Beginning of material from report

The County Council unanimously passed an ordinance in December 2006 that, among other things, established two important policies related to this report. First, it established a new minimum standard for residential trash collection in the county. This standard provides that all licensed haulers must (as a condition of their license) provide a minimum collection frequency of once each week for each residence in the county. In addition, that weekly collection must include recycling as an element of the fees collected without added charges. Finally, the minimum service must include two bulky pick-ups each year, again as a part of the basic service without an added fee for services. The new standard was to have gone into effect in April 2007. (The effective date of the new standard has been delayed by further act of the County Council to January 2008).

The second important policy was the authority to establish operating trash service districts and contracts to serve unincorporated St. Louis County.

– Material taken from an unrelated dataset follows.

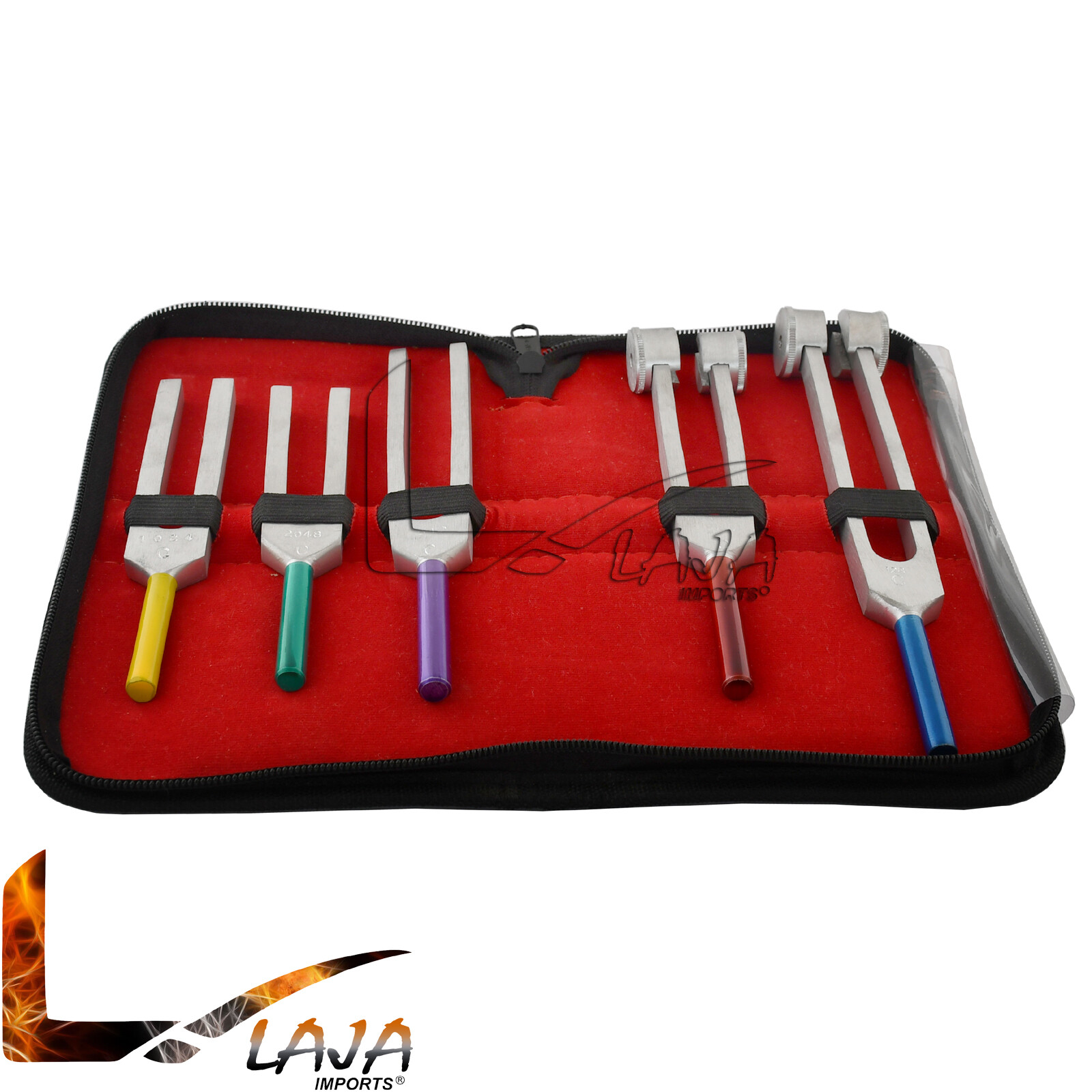 Set Of 5 Pcs Kit Color Coated Tuning Fork Set C128, C256, C512 C1024, C2048,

This policy required the County Executive to set logical district boundaries along established transportation corridors and other geographic landmarks to set the stage for providing residential trash collection services. The boundaries for Trash Districts are to be established by January 2008. In addition, the ordinance authorized the County Executive to enter into contracts to provide trash services in the districts.

Impact on Price: The minimum standard currently included in the solid waste code may result in a higher cost to some residents. This is driven by two factors. First, many residents do not pay for the minimum collections as previously required by law. Increasing the quality of service to a minimum collection of once per week per residence will cause an increase in price to some residents. Second, imbedding the recycling costs within the minimum standards may increase costs for those who have not selected the recycling option from their current service provider.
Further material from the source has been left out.